Python Concepts for Data Science: List Comprehension

Credit : Buggy Programmer

Lists are one of the most used data structures in Python as they allow us to store data in an easy to handle way. The elements of a list can be explicitly written out one after another by the programmer but if the number of elements increases, this task can become quite tedious. One might need an automated list generation technique, hence the concept of list comprehension. List comprehension, which is a simple and powerful way of creating a list from any existing inerrable object.

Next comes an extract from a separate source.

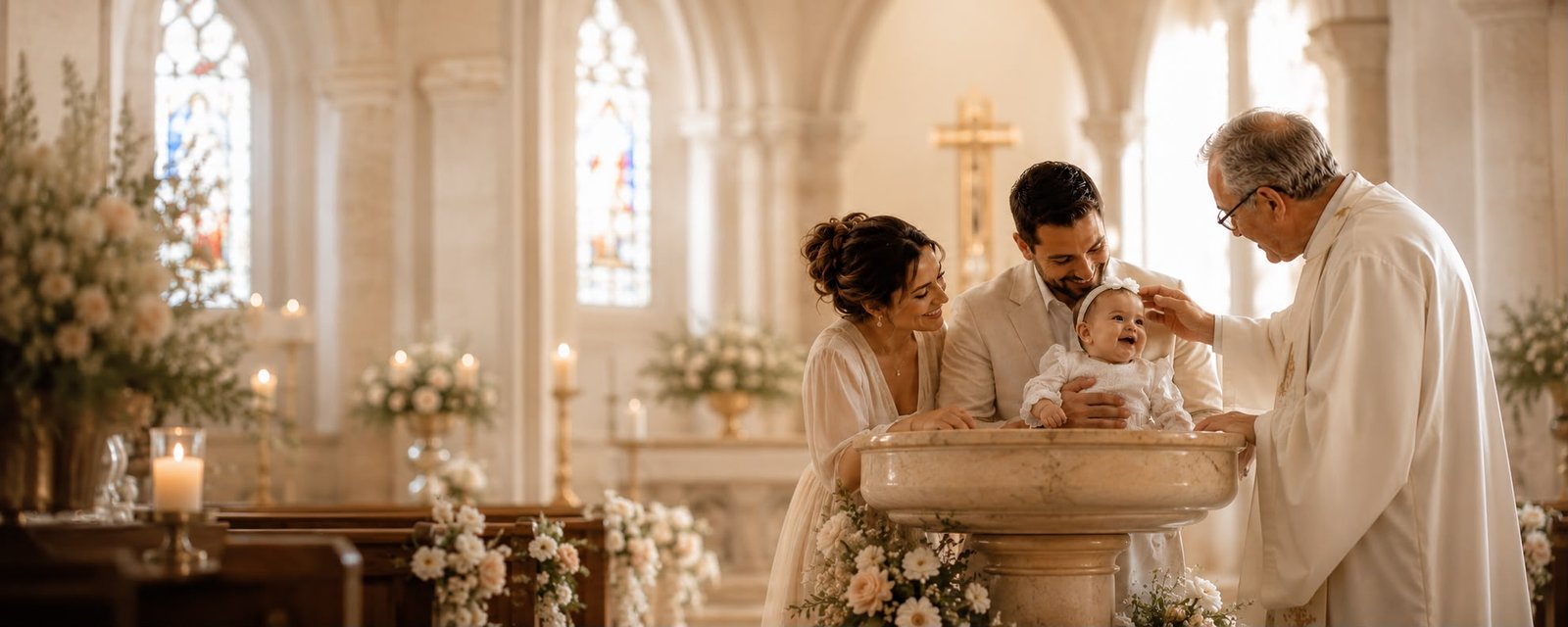 Cerimónia de batizado na pia batismal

In this post, I will first describe the different ways to create list comprehensions, with examples, then I will state when to avoid using it as every single concept, how powerful it might be, has its own limitations. I will also include the equivalent code using for loops to compare with list comprehension, the factor of comparison being the execution time.

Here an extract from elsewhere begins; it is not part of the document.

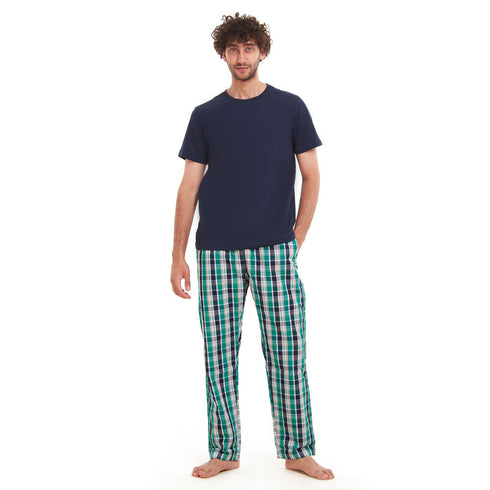 Men summer pajama set " Navy T-shirt + Green X Navy checkered Pants"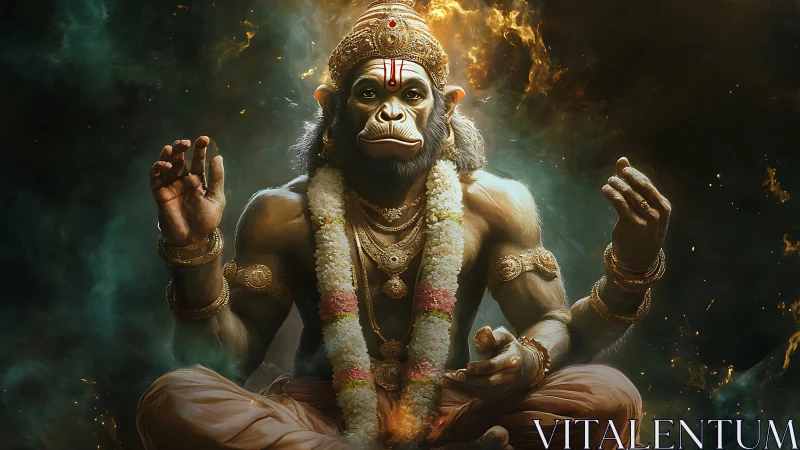 Divine simian sage glows within a vortex of molten starlight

A list comprehension is composed of the following items enclosed by square brackets:

A simple list comprehension doesn't contain a condition. Let's create a simple list comprehension and its equivalent using a for loop and evaluate the runtime of each. For the execution time to be consistent, we will be dealing with long lists and only the first 10 elements of each list will be printed.

import time
 
 # number of iterations
 n_iter = 100000
 
 # list comprehension
 start = time.time()
 x = [i for i in range(n_iter)]
 end = time.time()
 print(f'x = {x[:10]}')
 print(f'Execution time of list comprehension : {(end - start):.2f} seconds\n')
 
 # For loop
 start = time.time()
 x = []
 for i in range(n_iter):
  x.append(i)
 end = time.time()
 print(f'x = {x[:10]}')
 print(f'Execution time of for loop : {(end - start):.2f} seconds')

# Output
 x = [0, 1, 2, 3, 4, 5, 6, 7, 8, 9]
 Execution time of list comprehension : 0.01 seconds
 
 x = [0, 1, 2, 3, 4, 5, 6, 7, 8, 9]
 Execution time of for loop : 0.05 seconds

We observe that the list comprehension is simpler to read than its equivalent using the append() method with a for loop on one hand, on the other hand it is faster to execute as it took only 0.01 seconds whereas its conventional equivalent took 0.05 seconds.

We can also use any expression to modify the elements of the list provided that all the elements support that operation. In the example below we create a list of elements from 0 to n_iter, squared.

# list comprehension
 start = time.time()
 x = [i**2 for i in range(n_iter)]
 end = time.time()
 print(f'x = {x[:10]}')
 print(f'Execution time of list comprehension : {(end - start):.2f} seconds\n')
 
 # For loop
 start = time.time()
 x = []
 for i in range(n_iter):
  x.append(i**2)
 end = time.time()
 print(f'x = {x[:10]}')
 print(f'Execution time of for loop : {(end - start):.2f} seconds')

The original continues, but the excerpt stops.